その、ポスティングをさせてもらっていた会社の社長さんから
「人手が足りないのよ、ポスティング以外にもやってほしいこといっぱいあるから手伝ってくれない?」
個人として、自分の力を求めてもらった。
その社長さん自身も言ってたから、そのまま言葉を借りるが、僕の能力はその会社が何百万円かけても採用できないくらい持て余すのだそうだ。
任されたのは単純作業だった。だが、改善点をすぐに見つけて、もともと週に50時間ほどの業務量だったものを12時間程度まで合理化した。
だから、今僕は1週間で12時間、1日1.5時間程度しか働いていない。でも元々50時間ほどかかっていたときと同じか、それ以上の成果を出している。
その会社からは業務委託費として、新卒初任給にちょっと毛が生えた程度の金額をいただいている。その上、課題が解決されたその会社からは感謝すらしてもらえてる。
ありがたい話だが、本来こうあるべきなのではないかと思う。他人の課題を解決して、ありがとうという気持ちを、形として受け取る。
その目標が達成されたのなら、50時間かけていようが12時間しかかけていなかろうが、報酬は同じはずなのだ。
もちろんこのまま横ばいでは、いずれできる家族を養うところまでいけないから、営業活動して仕事を増やしていくつもりだ。(お前まず彼女作れよって思ったやつは連絡してきてください、はっ倒します)
とりあえず死なない。
人が求めてくれるだけで、生きていける。
2021年の3月10日は、僕の独立記念日になりました。
最後に少しだけ、「働き方」に対して僕の考えをつづります。
正直、前職では無茶な働き方をした。
心も体も壊してしまったし。
世の中は数学と同じで"定数"と"変数"があると思う。
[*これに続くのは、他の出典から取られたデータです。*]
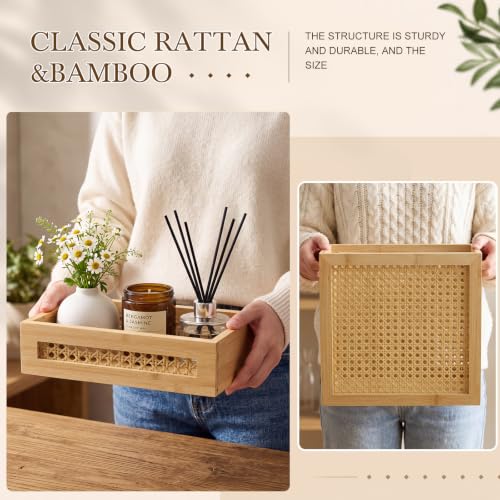 Wicker Bathroom Accessories Set with Trash Can, Tissue Box & Tray - Rustic Rattan Decor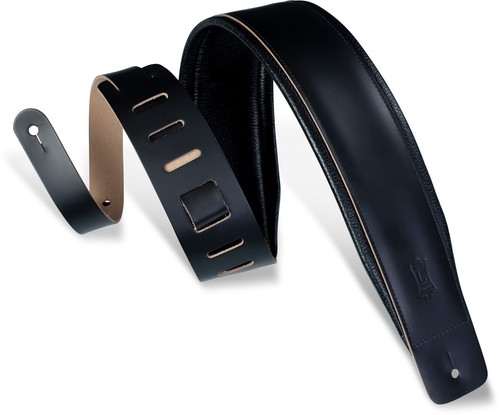 Levy's DM1PD-XL-BLK Gitarre Bass Gurt Schwarz Leder gepolstert 3" Guitar Strap - Bild 2 von 3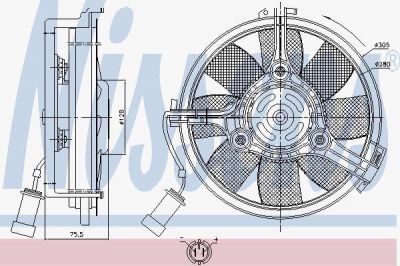 NISSENS Вентилятор охлаждения радиатора VAG A6/Passat V 1,8-2,8L 98-05 80W/D=280mm (8D0959455N, 85546)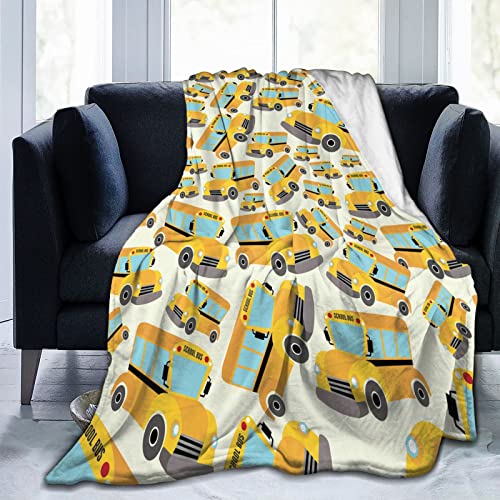 School Bus Soft Flannel Fleece Throw Blanket, Vehicle Illustrations Background Pattern for Kids, Cozy Plush for Indoor and Outdoor Use Lightweight Blanket 40"x50"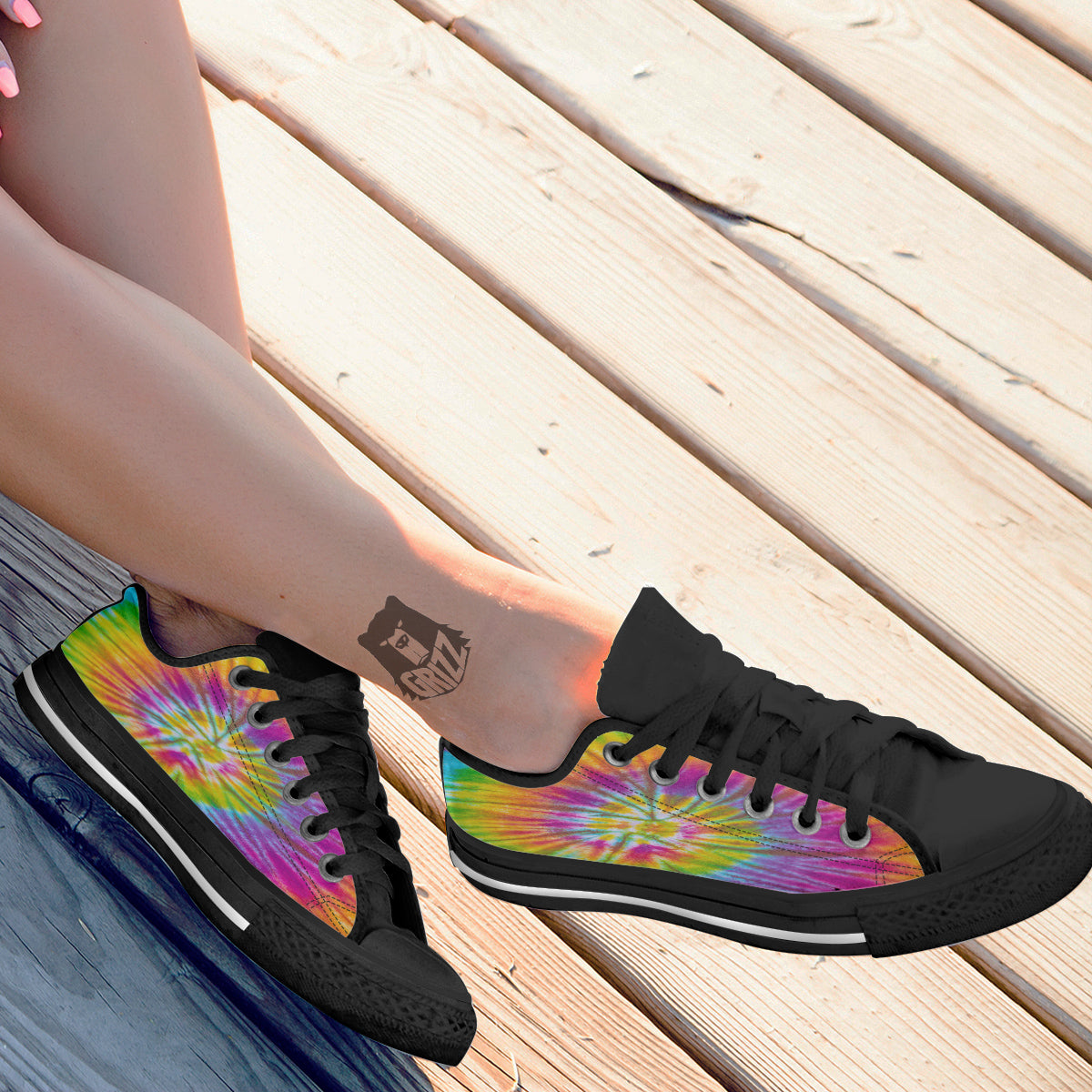 Tie Dye Colorful Hippie Print Black Low Top Shoes-grizzshop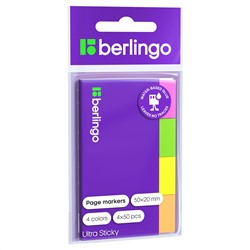 Флажки-закладки Berlingo "Ultra Sticky", 20*50мм, 50л*4 неоновых цвета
変えてはいけないところと、変えるべきところとも言い換えられる。
例えば、数学の問題でt=8という定数が与えられたら、その数を勝手に変えてはいけない。
8時間という労働時間が決まっているなら、その定数を変えるのは、やっぱり反則なのだと思う。
業務効率という変数をどう最適化するかというところに全てのパワーを注ぎ、業績を最大化させるのが仕事の醍醐味だと思う。
t=8という数字を前提に計算されていない事業計画や会社の目標数値は、定数のはずのtを10とか14とか、法令の範囲外の数値に飛ばしてしまうから。
もし、単純に時間を増やすことでしか仕事を消化できないのだとしたら、それはきっと何かがおかしい。
やり方がおかしいのか、知識がないのか、はたまた会社の計画が破綻しているのか。
考えて考えて、自分が出した答えを信じて、これからは歩いて行こうと思う。幸いにして応援してくれる人が少しはいるみたいだから。
また一年間がんばろう。いつでも胸張って、面白い人生歩んでるぞって言えるように。